This drive for strengthening and purification was further influenced by the Ruthenian Orthodox revival led by Petro Mohyla in Kiev in the 1630s to 1640s, who likewise sought to strengthen Orthodox religiosity and spirituality in Ruthenia. In Kiev and Lviv, "Orthodox brotherhoods set up schools under the direct patronage of the patriarch of Constantinople."
In the late 1640s, Nikon and Avvakum were members of the Zealots of Piety (known also as bogolyubtsy, i.e. "lovers of God"), a circle of ecclesiastical and secular figures who aimed to improve religious and civilian life and to purify and strengthen the influence of the Russian Orthodox Church. Gradually, a split appeared in this circle: while certain Zealots echoed the sentiments of the Ruthenian revival, others, most notably Avvakum, "felt that homespun truths were sufficient and suspected foreigners of , which would adulterate the simple, strong native faith." When Nikon became the patriarch of Moscow and all Russia in 1652, he initiated ambitious reforms, entrusting "Jesuit-trained scholars from Ukraine and White Russia with a critical review of the forms of Russian worship." This exacerbated tensions with and among the Zealots, who "wanted to create a church which was morally pure and close to the ordinary Russian people".
Tsar Alexei and Patriarch Nikon, by contrast, had imperial aspirations. Nikon's vision of ecclesiastical restoration assumed the "continued dominance of the church over state" and stretched beyond Muscovy to the "entire Eastern Christian ecumene." Nikon's ambitions were further strengthened by his "contact with Greek and Ukrainian churchmen" and by Russian territorial gains in the Russo-Polish War of 1654–1667. After the Ruthenian revival, western Slavic Orthodox practices became closer to those of Greek Orthodoxy than to the Russian tradition, which had been increasingly isolated from the Greek Orthodox Church over the past several centuries. Nikon sought, likewise, to bring Russian church practice into line with Greek Orthodoxy. Russian linguist Alexander Komchatnov further emphasizes that that goal was in line with Muscovy's newly developed imperial aims, allowing Russia to position itself at the center of the whole Orthodox world instead of remaining a marginal religious entity.

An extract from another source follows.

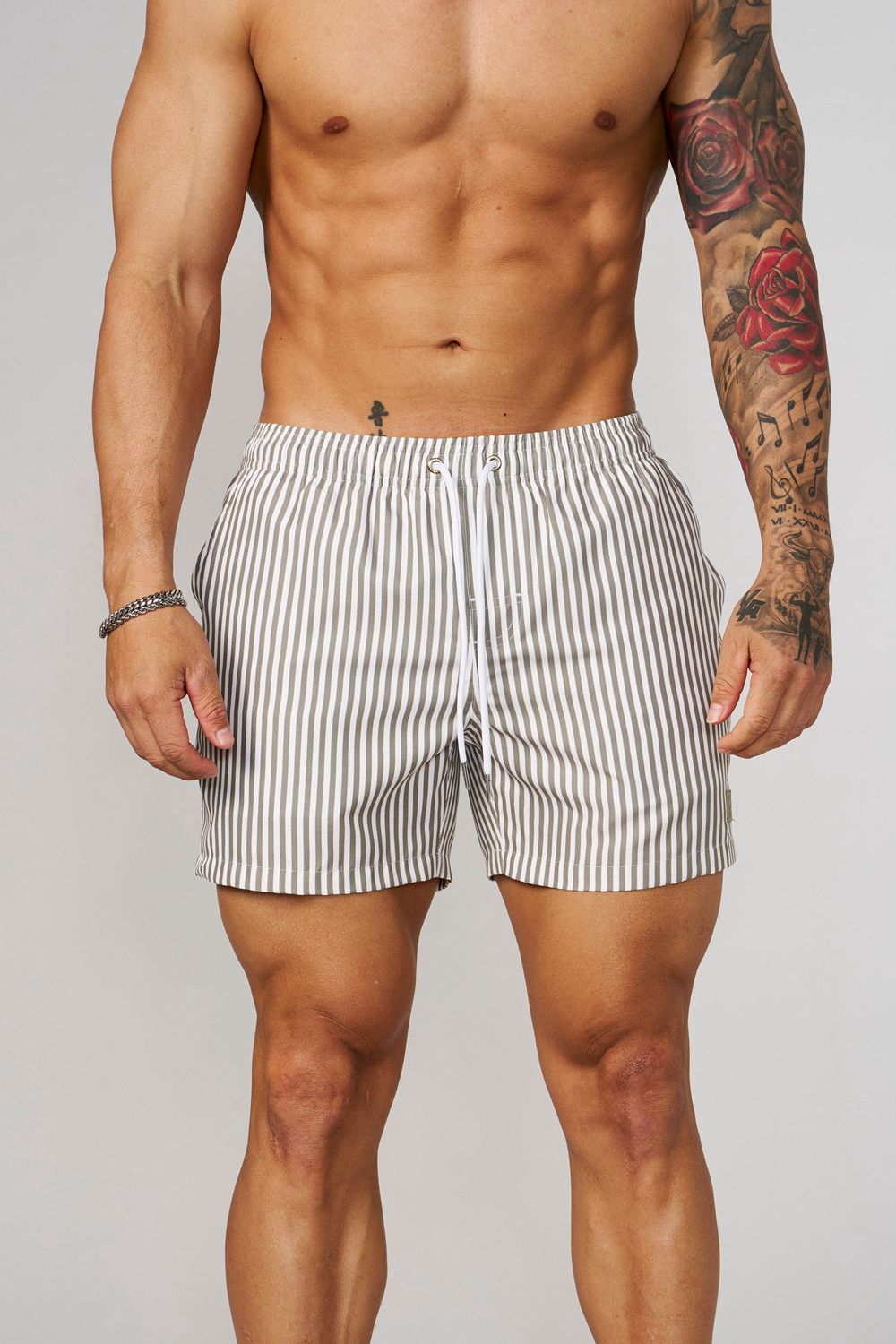 Grey Young LA 1056 - Striped Swim Shorts NZ | 0352194-RT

From 1653 to 1656, Nikon's reforms changed the manner of making the sign of the cross (from the dvoeperstie, the two-fingered cross, to the troeperstie, the three-fingered cross), introduced new liturgical vestments modeled in the Greek style, and imposed a normalized revision of liturgical books.
Those opposing Nikon's reforms came to be known as the Old Believers. Their texts painted the Schism as an apocalyptic contest between good and evil, with Nikon as the Antichrist. They were continually repressed, arrested, and exiled from the onset of Nikon's reforms.
Nikon and Tsar Alexei soon fell out, and Nikon was placed in confinement, but the tsar continued to enforce his reforms. In 1666, the Great Moscow Synod summoned by Tsar Alexei anathematized all who refused to abide by Nikon's changes. A trial of the Zealots was held and leading Old Believers, Avvakum among them, were exiled beyond the Arctic Circle to Pustozersk on the Pechora River, in today's Nenets-Autonomous Okrug, 27 km from Naryan-Mar. The reforms and their enforcement prompted outright rebellions that continued over the next several decades.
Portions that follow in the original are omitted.